Frankfurter Rundschau, 23.02.2005

Ina Hartwig comments on the decision of Hungarian author and Nobel Prize for Literature winner Imre Kertesz to leave the Suhrkamp publishing house and move to Rowohlt. For Suhrkamp this is a "bitter loss - and certainly not the first ithe publishers has had to face. Suhrkamp is to blame for Kertesz's decision." It was the former head of Suhrkamp and publishing legend Siegfried Unseld "who went to seek out Kertesz in Budapest and woo him with his 'rugby player's charm (...) Kertesz was unable to resist, nor did he put up a struggle. But obviously Suhrkamp has never found anyone to fill the gap left by Unseld's death." Suhrkampf has simply proved "incapable of holding on to Kertesz. Someone like Kertesz, and who could blame him, is predisposed to have publishers flocking to him, as Unseld knew only too well. And now Alexander Fest (of Rowolt) has sensed this - and not just sensed it. It is also a matter of competence."


Frankfurter Allgemeine Zeitung, 23.02.2005

Thomas Wagner reviews the Gerhard Richter retrospective in Dusseldorf's K20 museum. In 1977 Richter wrote: "the underlying precondition for my new works is the same as ever: I have nothing to communicate, there is nothing to communicate, painting can never be communication, and the missing message will not materialise through hard work, defiance, lunacy or any other tricks." Almost 30 years later, the K20 exhibit remains a gesture without message, writes Wagner. "The exhibition shows that Richter's work has cast a fog of insecurity and doubt over the real, doggedly avoiding the gaze that seeks to pin it down and fathom its depths. What remains are delicately painted after-images of loss." Despite its many strengths Wagner's criticism is that the exhibition "lacked the courage to highlight Richter's later works, and to assess his entire oeuvre in their light. Looking backwards over Richter's earlier works would give them a fresh face that cannot emerge from a thematically curated show. Some of the rooms have a nostalgic feel, and the last works seem only to provide a routine conclusion."
The Gerhard Richter retrospective can be seen at the Kunstsammlung Nordrhein-Westfalen K20 in Dusseldorf until 16 May. On 4 June it will travel to the Lenbachhause gallery in Munich. The catalogue, published by the Richter Verlag costs 29 Euros.

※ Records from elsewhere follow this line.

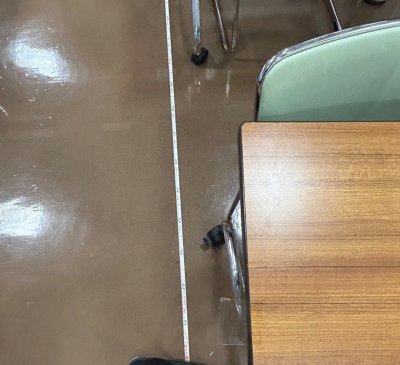 机の足元にメジャーを引っ張っている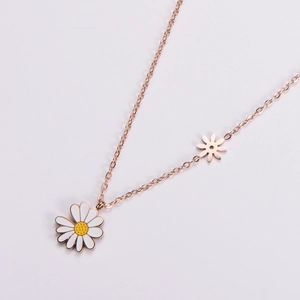 Rose gold daisy necklace featuring white enamel sunflower charms on a clean white backdrop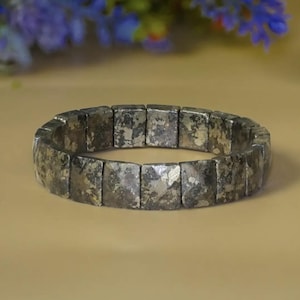 May include: A stretch bracelet composed of rectangular, metallic-toned pyrite beads. Each bead features a textured, reflective surface with mottled grey and gold-coloured inclusions, arranged in a continuous circular band without a visible clasp.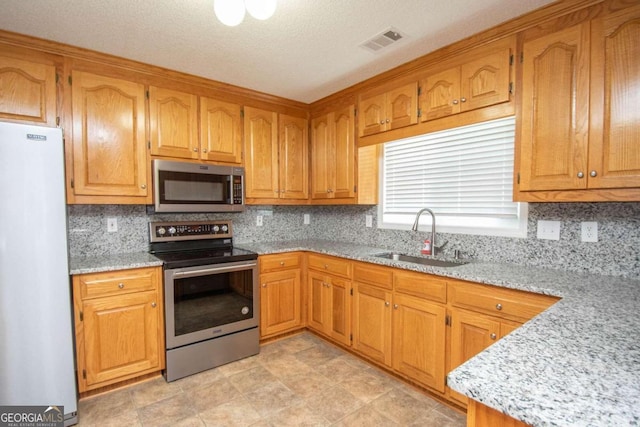 611 Bernhard Rd, Fayetteville, GA 30215 - kitchen with appliances with stainless steel finishes, tasteful backsplash, light stone countertops, and brown cabinetry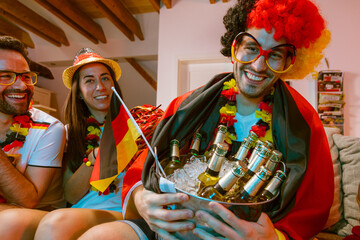 Group of enthusiastic German soccer fans celebrating the victory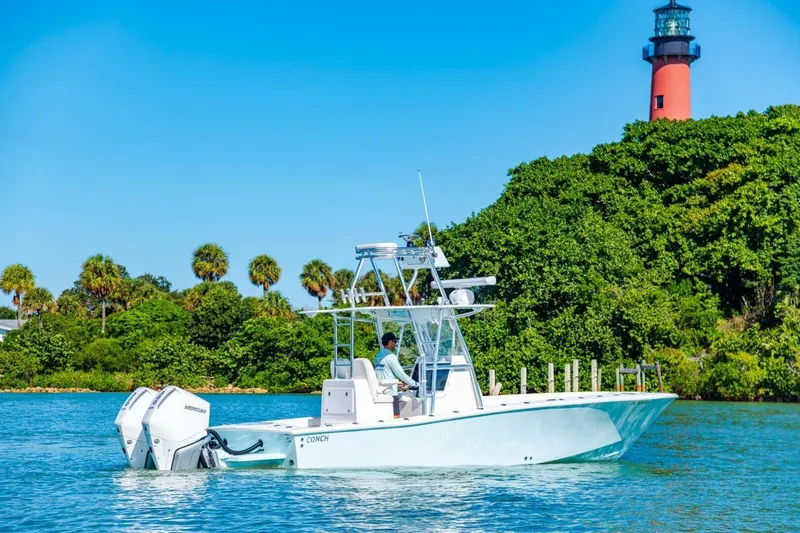  Yacht Photos Pics 2022 Conch 27 boat cruising near a lighthouse with lush greenery.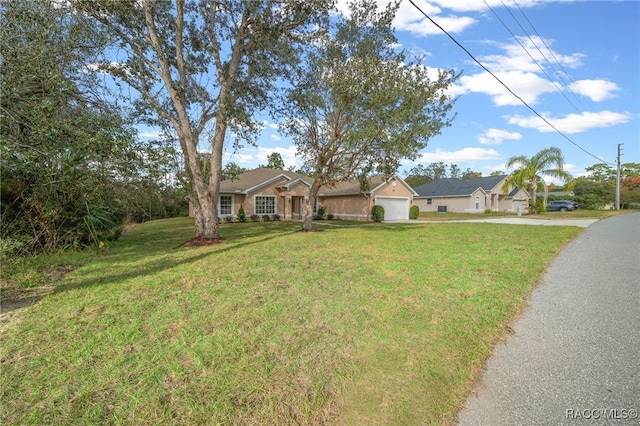 single story home featuring a front yard and a garage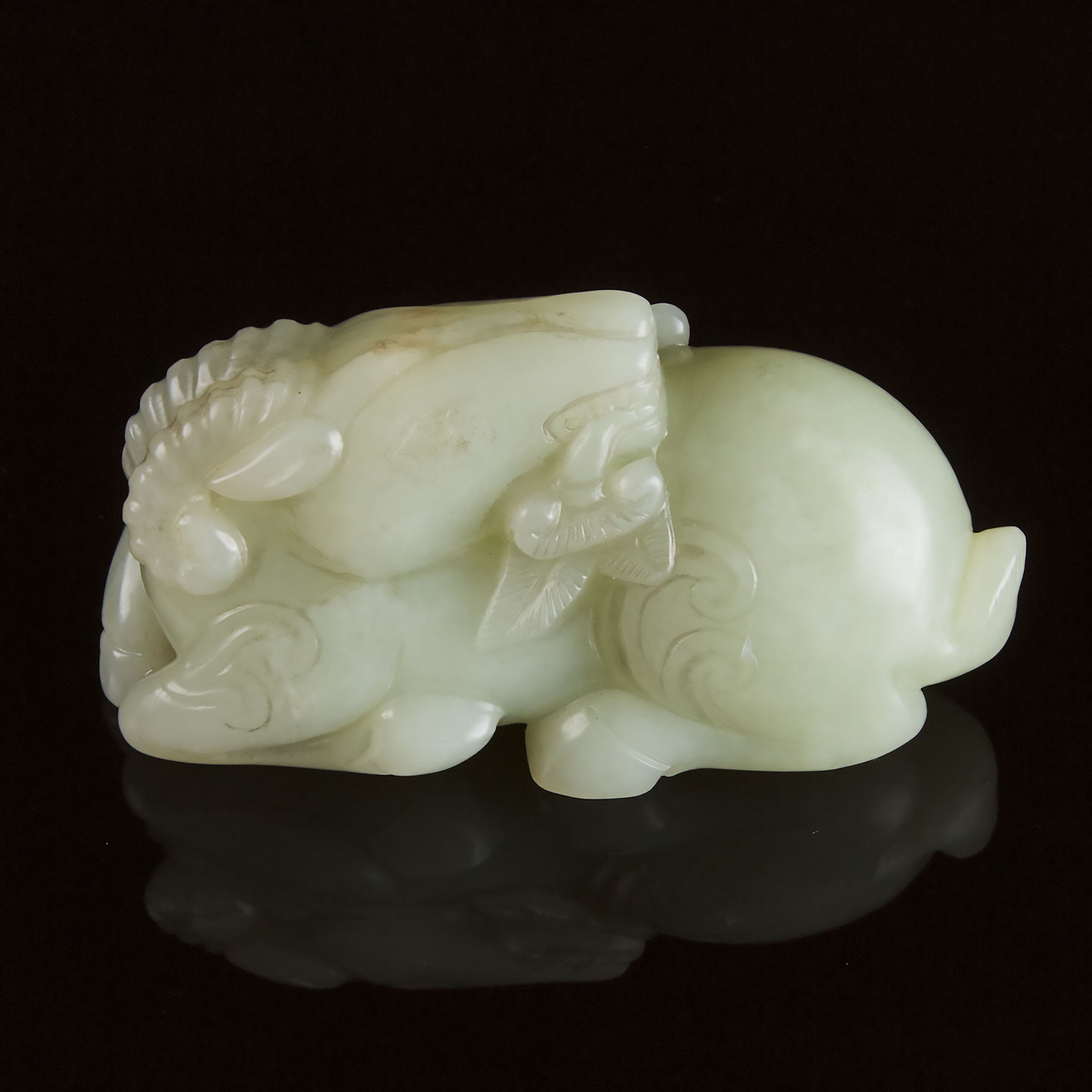 A Pale Celadon Jade Carving of a Ram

Berlin is the only city in the world with three subsidised opera houses, but also the only city which does not take pride in this heritage, relentlessly trying to make cuts. Yesterday, Michael Schindhelm was installed as the general director of all three houses, and Eleonore Büning comments: "Schindhelm has given half a dozen interviews in recent weeks in which he talked about his love of opera and described the artistic status of the three Berlin opera houses. But his statements have tended to be rather cloudy, short on facts and often contradictory. Moreover, he has failed to provide any concrete information about how he intends to accomplish the major task at hand. Namely to save 17.2 million Euros by 2009."

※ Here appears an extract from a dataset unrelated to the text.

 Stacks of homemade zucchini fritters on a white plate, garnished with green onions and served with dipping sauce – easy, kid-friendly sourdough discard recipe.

Die Tageszeitung, 23.02.2005


Dirk Knipphals reviews Wolfgang Kraushaar's study of Rudi Dutschke, the central figure of the '68 student revolt in Germany. The study, "Rudi Dutschke und der bewaffnete kampf" (Rudi Dutschke and the Armed Struggle), is published by the Hamburg Institute for Social Research in a volume dedicated to Dutschke, Andreas Baader and the Red Army Faction (RAF). Knipphals commends the author's avoidance of stereotyping the '68 movement "either as a wild time when people still believed in utopias, or as doom itself, when all values were thrown to the winds". Portraying the student leader in clear, unemotional language, Kraushaar's study reveals that it was Dutschke who first developed the concept of the urban guerilla. "The concept of the urban guerilla, which was indispensable for the mental make-up of the RAF, is not just a product of the degeneration and despair of the '68 movement, as many believe. Rudi Dutschke had already created the concept in 1966, using theoretical fragments fom Che Guevara and Carl Schmitt's theory of the partisan." The study goes on to show how Dutschke distanced himself from the RAF violence in the early 70s.